Caitriona Fitzgerald, vice-diretora do Centro de Informações sobre Privacidade Eletrônica, elogiou a abordagem de estabelecer limites de coleta de dados para as agências federais, observando que os contratos governamentais muitas vezes podem estabelecer padrões para a indústria de tecnologia como um todo.
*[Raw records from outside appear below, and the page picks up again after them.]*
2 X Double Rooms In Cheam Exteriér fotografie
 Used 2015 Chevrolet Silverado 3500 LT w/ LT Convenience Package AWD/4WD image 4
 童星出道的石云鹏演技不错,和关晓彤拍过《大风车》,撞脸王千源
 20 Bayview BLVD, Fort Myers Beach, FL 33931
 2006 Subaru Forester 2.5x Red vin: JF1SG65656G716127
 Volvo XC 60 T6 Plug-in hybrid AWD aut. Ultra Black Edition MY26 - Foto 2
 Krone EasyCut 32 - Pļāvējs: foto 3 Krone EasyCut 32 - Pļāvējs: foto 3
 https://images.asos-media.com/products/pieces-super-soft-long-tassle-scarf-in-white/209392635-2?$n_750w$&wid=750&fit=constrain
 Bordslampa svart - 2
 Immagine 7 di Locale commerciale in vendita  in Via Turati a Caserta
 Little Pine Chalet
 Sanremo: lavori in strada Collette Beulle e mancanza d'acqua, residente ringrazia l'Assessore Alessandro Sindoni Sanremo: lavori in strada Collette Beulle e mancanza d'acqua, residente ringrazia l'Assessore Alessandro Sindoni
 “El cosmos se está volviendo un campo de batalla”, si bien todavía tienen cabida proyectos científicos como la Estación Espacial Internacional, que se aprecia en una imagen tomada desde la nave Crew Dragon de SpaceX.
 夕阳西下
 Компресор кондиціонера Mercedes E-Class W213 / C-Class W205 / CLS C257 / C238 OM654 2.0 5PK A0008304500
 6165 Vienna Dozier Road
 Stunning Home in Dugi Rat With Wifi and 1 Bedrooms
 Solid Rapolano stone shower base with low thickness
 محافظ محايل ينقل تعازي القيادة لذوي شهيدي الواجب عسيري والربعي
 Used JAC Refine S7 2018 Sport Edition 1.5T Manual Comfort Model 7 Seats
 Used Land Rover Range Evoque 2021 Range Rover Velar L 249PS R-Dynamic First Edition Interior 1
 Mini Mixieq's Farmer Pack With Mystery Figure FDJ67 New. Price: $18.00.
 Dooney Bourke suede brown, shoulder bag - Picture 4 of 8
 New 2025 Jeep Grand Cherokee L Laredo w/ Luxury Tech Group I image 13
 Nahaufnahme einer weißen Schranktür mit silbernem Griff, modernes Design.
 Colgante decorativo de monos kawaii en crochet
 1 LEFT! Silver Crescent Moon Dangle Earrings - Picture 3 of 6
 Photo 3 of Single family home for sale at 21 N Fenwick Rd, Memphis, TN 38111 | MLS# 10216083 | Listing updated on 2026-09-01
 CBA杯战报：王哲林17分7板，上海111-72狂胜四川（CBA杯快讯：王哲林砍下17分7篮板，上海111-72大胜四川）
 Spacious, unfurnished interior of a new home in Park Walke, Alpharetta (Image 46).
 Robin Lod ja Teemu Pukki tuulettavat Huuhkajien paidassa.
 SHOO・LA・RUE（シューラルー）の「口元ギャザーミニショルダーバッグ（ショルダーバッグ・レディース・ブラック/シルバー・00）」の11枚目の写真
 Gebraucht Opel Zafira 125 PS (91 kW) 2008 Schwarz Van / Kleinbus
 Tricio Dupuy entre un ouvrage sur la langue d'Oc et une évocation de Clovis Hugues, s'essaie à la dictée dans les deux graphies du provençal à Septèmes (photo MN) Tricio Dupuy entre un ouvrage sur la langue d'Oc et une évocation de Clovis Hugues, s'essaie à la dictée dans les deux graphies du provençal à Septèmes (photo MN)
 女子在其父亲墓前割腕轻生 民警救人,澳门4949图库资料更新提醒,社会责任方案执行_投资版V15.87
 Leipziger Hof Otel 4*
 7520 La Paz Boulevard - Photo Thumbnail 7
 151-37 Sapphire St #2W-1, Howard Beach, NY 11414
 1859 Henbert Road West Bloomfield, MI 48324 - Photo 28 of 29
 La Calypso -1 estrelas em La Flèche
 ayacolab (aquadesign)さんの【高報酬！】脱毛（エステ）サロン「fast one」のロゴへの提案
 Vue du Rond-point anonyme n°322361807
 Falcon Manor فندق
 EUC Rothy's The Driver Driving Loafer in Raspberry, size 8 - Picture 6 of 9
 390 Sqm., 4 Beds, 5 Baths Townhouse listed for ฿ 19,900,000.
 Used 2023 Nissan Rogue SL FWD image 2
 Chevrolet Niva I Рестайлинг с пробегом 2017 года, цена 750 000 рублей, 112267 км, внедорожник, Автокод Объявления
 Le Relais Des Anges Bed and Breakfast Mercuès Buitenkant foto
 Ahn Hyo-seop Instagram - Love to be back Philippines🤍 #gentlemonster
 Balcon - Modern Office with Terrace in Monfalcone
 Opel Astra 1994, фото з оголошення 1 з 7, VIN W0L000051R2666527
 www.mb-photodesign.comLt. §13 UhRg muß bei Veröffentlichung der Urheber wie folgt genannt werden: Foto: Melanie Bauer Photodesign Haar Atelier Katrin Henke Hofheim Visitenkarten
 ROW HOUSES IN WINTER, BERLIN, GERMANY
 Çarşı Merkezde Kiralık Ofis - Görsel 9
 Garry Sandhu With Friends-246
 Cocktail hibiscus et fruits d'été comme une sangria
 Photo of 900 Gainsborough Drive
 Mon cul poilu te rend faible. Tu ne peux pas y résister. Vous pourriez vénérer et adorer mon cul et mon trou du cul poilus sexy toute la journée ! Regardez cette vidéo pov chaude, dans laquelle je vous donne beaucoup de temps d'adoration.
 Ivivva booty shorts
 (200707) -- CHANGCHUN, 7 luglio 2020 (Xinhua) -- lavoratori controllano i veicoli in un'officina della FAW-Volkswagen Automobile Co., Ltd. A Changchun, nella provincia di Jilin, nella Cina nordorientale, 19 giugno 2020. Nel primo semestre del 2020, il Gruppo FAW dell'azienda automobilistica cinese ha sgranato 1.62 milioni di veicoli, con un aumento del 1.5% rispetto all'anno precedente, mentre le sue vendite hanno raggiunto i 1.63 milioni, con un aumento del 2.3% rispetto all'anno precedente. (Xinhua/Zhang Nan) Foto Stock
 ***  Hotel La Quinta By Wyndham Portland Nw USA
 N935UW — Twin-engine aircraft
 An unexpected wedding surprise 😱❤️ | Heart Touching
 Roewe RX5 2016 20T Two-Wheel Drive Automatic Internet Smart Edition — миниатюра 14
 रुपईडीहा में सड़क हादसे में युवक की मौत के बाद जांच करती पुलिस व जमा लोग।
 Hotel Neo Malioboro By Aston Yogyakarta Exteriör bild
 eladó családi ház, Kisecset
No entanto, ela disse que o pedido ainda deixou uma lacuna ao não abordar a privacidade dos dados do consumidor – uma política que precisaria vir do Capitólio.
“Ainda precisamos que o Congresso aprove uma lei de privacidade abrangente para implementar disposições de minimização de dados”, disse Fitzgerald. “Sem regras de minimização de dados, a corrida armamentista da IA continuará a alimentar esse apetite inesgotável por dados pessoais.”
A questão do financiamento
O sucesso da Casa Branca na concretização das ambições da ordem executiva dependerá em grande parte da capacidade das agências federais de cumprir as suas exigências.
O pedido inclui a criação de forças-tarefa para lidar com questões como o aumento da força de trabalho federal de IA e o planejamento para a implantação responsável de IA na área da saúde.
Financiar esses esforços requer ação no Congresso, que tem estado envolvido em lutas pela presidência da Câmara e numa potencial paralisação do orçamento do próximo ano.
“Emitir o EO é o primeiro passo. Agora vem a batalha orçamental, depois vem a implementação”, disse Divyansh Kaushik, diretor associado de tecnologias emergentes e segurança nacional da Federação de Cientistas Americanos. “Há muitas coisas que as pessoas estarão procurando no próximo ano.”
Alfred Ng contribuiu para este relatório.